[MATERIAL SHOWN]:
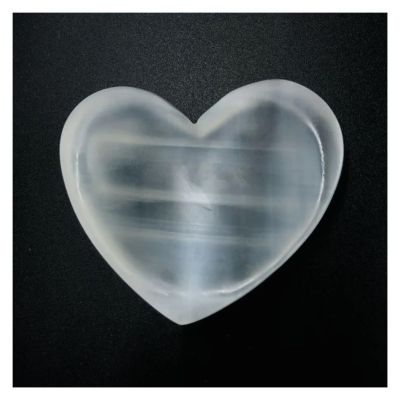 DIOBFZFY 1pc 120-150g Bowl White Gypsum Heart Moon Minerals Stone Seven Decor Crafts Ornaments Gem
==
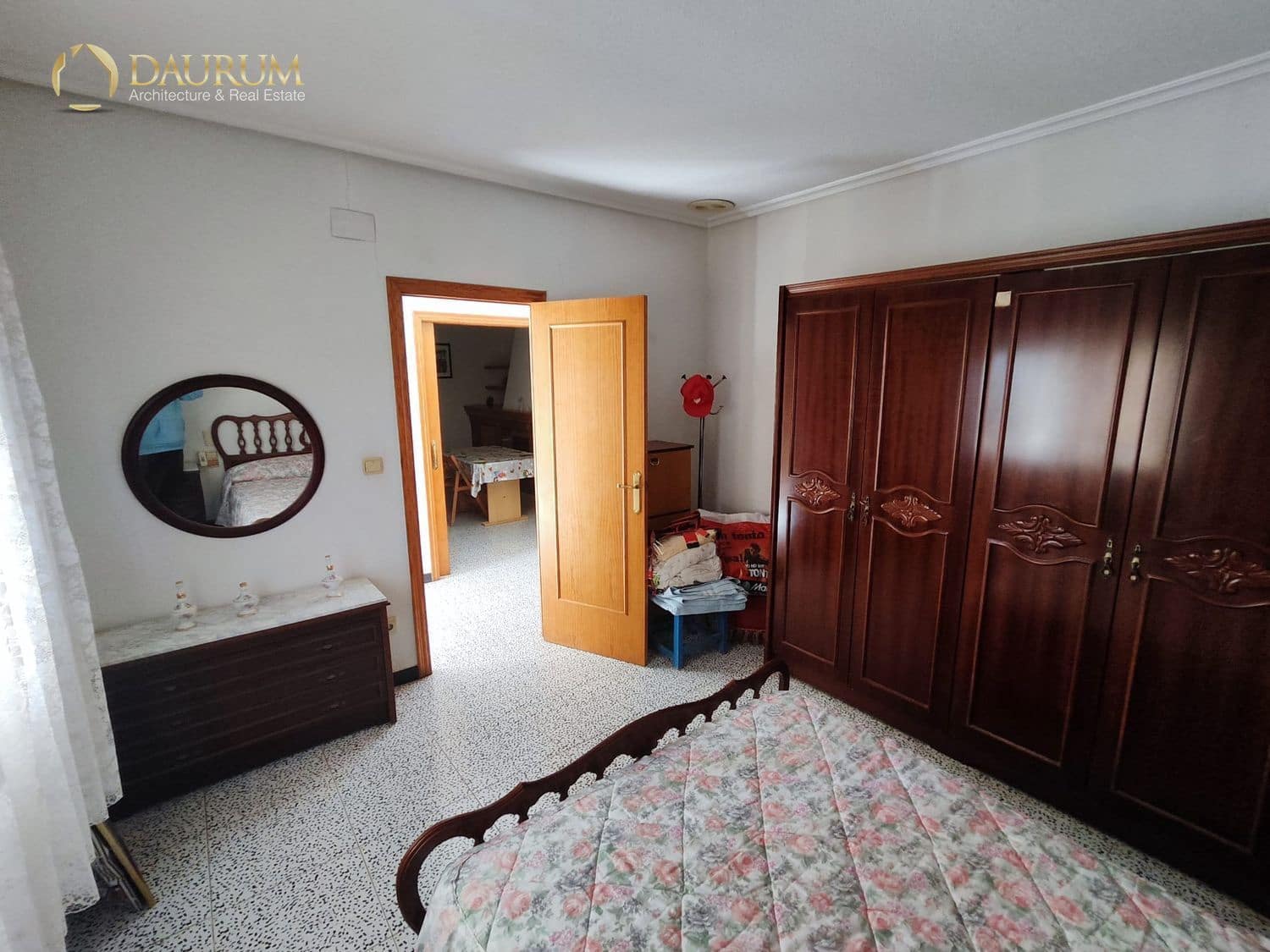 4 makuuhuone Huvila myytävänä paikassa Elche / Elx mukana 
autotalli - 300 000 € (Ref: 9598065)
--
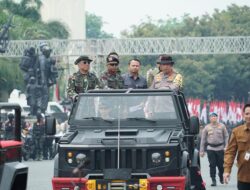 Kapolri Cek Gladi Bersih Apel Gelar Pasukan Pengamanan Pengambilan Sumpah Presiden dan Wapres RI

[YOUR TASK]: With pictures omitted, repeat the entries above word for word from the line holding "4 makuuhuone Huvila" down to the line holding "autotalli - 300 000 € (Ref: 9598065)", keeping both of those lines.

[REPLY]:
 4 makuuhuone Huvila myytävänä paikassa Elche / Elx mukana 
autotalli - 300 000 € (Ref: 9598065)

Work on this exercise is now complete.